_DATA IN THIS EXERCISE_
--

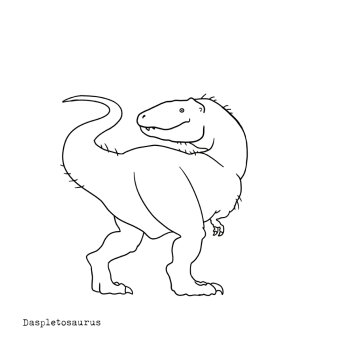 Coppenrath - T-Rex World - Dino-Malbuch (A)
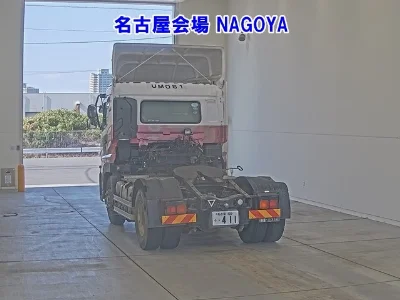 NISSAN DIESEL (UD) QUON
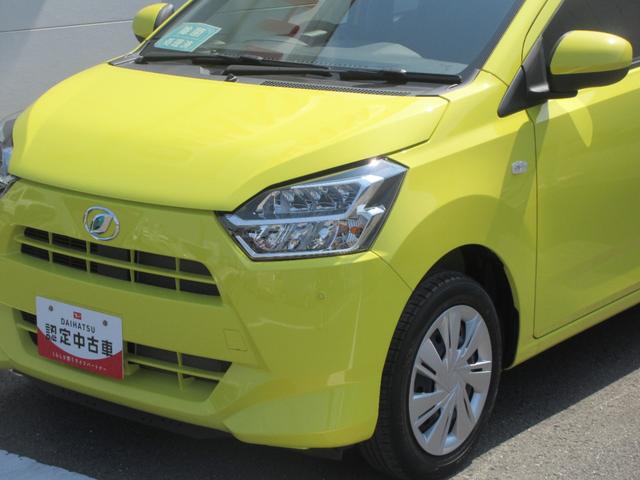 ミライースＸ　リミテッドＳＡIII（徳島県）の中古車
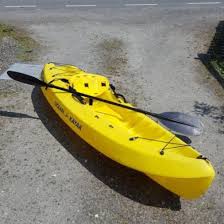 The ocean kayak frenzy is a very popular recreational kayak. Frenzy Ocean Kayak Sit On Top Yellow For Sale From United Kingdom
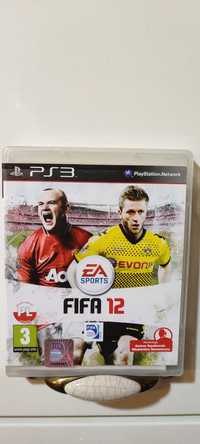 Gra PS3 FIFA 12 używana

--

_YOUR OBJECTIVE_
Give every line of the data above again as it stands; the pictures stay out.

_EXERCISE RESPONSE_
 Coppenrath - T-Rex World - Dino-Malbuch (A)
 NISSAN DIESEL (UD) QUON
 ミライースＸ　リミテッドＳＡIII（徳島県）の中古車
 The ocean kayak frenzy is a very popular recreational kayak. Frenzy Ocean Kayak Sit On Top Yellow For Sale From United Kingdom
 Gra PS3 FIFA 12 używana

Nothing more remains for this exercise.